Pero también es necesario ver en la tragedia de Moro, no una historia encerrada en el destino individual de una persona, por muy ilustre que sea, sino una parábola: la parábola de un choque que tiene por objeto la misma Italia, este país que en el corazón de Europa se atreve a creer en la democracia, se atreve a honrar los resultados electorales, a hacer colaborar a comunistas y católicos, desafía la política mundial como se ha cristalizado en las relaciones entre los máximos sistemas desde Yalta hasta hoy. Lo dijo Kissinger en un discurso que se encuentra en las actas del Senado americano: «La participación de los comunistas en un solo país de Europa occidental cambiaría la estructura del mundo como nosotros la conocemos desde la posguerra a hoy, de las relaciones de América con sus aliados más importantes», visión, sin duda, exasperada y orientada a forzar la mano de la Administración Carter, que se ha revelado más dúctil que las precedentes hacia tal perspectiva, pero orientada también a unir el interés americano por el status-quo, los malhumores soviéticos hacia el eurocomunismo que de vez en cuando explotan en el Pravda, y las manías antisoviéticas de China, que exhorta a Europa a la ortodoxia atlántica y una unidad cada vez más estrecha, incluso militar, con Estados Unidos.
Visión inmovilista
Lo que es común en estas posiciones es una visión inmovilista de situación mundial, como si toda la política internacional deba siempre girar alrededor de la muralla de Berlín. Hay que desear, no sólo para Italia, sino también para España y para toda Europa, que el «no podemos quedarnos neutrales» del ex secretario de Estado americano signifique sólo una presión política y psicológica como se expresa en la fórmula de Carter de «no indiferencia» y no lo que en pasado significó en otras partes desde Vietnam a Chile y a Líbano. Líbano.

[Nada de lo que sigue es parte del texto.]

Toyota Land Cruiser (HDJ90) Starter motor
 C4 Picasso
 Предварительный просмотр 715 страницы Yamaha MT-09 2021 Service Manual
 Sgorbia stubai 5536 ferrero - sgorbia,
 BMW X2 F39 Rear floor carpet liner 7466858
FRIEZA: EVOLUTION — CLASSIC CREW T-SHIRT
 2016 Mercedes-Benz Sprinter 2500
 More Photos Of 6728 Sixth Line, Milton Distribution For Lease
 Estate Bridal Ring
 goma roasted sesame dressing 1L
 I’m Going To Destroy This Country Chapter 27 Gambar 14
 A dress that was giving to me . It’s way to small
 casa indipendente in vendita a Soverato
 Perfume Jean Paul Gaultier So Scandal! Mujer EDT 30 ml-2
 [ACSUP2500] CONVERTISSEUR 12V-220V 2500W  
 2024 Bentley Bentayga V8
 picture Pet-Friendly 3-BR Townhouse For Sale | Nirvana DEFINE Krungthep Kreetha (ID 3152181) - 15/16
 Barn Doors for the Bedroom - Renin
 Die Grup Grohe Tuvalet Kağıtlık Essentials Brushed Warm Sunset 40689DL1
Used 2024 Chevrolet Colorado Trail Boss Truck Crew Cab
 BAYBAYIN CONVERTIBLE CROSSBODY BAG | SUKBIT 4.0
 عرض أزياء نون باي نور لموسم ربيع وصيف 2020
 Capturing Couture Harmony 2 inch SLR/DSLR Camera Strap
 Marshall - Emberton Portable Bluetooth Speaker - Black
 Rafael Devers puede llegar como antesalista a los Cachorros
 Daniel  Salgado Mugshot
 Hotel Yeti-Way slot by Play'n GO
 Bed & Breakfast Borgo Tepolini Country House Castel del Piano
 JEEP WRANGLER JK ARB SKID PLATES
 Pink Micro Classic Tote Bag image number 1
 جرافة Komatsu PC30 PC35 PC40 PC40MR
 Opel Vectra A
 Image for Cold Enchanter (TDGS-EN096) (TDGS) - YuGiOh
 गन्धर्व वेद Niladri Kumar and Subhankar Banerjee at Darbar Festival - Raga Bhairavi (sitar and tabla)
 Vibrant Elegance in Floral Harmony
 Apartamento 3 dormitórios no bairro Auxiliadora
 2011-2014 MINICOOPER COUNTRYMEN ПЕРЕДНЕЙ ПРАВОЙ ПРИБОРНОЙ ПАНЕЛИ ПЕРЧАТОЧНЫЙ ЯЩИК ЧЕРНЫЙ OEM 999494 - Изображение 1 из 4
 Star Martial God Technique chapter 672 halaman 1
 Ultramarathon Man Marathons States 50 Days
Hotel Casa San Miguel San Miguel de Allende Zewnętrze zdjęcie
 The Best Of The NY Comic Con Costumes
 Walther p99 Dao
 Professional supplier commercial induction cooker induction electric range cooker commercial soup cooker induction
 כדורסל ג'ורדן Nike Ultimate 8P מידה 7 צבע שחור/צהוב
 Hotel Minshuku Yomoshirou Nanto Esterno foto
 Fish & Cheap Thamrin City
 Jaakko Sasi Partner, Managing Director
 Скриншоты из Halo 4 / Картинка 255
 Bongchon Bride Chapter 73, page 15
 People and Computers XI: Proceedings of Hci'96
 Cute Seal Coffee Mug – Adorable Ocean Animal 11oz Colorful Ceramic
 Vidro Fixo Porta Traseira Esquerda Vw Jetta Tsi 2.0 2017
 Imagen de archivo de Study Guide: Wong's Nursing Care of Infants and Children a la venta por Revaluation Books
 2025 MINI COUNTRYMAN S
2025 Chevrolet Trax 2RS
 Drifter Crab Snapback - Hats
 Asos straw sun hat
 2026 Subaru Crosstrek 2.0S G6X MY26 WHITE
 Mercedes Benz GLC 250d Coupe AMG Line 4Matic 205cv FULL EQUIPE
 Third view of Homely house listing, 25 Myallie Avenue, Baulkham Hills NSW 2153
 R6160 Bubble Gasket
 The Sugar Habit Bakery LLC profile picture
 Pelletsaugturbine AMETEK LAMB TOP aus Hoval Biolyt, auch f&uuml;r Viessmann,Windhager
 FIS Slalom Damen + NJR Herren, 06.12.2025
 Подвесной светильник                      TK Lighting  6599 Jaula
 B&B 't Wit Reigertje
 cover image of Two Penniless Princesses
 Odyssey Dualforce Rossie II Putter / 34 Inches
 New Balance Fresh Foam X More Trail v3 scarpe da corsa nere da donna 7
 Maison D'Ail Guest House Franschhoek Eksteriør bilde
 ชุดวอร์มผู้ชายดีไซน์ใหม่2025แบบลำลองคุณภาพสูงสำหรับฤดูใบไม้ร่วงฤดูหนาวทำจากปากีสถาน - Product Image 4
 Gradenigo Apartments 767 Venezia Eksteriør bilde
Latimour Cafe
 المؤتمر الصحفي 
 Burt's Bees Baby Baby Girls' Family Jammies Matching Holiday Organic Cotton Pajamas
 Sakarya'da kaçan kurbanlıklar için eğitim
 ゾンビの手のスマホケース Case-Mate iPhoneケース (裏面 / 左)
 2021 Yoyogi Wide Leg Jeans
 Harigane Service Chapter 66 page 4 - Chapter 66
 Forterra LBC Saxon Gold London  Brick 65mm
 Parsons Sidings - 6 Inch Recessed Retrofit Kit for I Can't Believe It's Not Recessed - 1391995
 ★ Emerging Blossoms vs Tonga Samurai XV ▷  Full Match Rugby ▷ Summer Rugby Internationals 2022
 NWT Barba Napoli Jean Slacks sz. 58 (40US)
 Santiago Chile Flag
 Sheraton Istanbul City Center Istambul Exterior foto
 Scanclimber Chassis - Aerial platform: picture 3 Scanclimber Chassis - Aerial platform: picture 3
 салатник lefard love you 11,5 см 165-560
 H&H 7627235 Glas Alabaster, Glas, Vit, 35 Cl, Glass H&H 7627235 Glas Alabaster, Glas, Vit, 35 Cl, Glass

Es cierto que toda la cuestión Moro fue vivida en Italia caseramente, como si no existiera este, panorama tan aterrador, como si Italia fuese una isla inviolable en un mundo todo violentado, como si el juego fuese no sólo contra los terroristas de todo color, sino también contra los conservadores y contra las vestales de un inmovilismo internacional, que acaba no sólo limitando, sino también impidiendo la autonomía de los désarrollos democráticos de cada una de las sociedades nacionales.
Ahora, Moro está muerto y trece criminales han quedado en la cárcel. Pero para continuar el camino, debemos enfrentarnos con estos problemas que no son problemas policiales, sino políticos.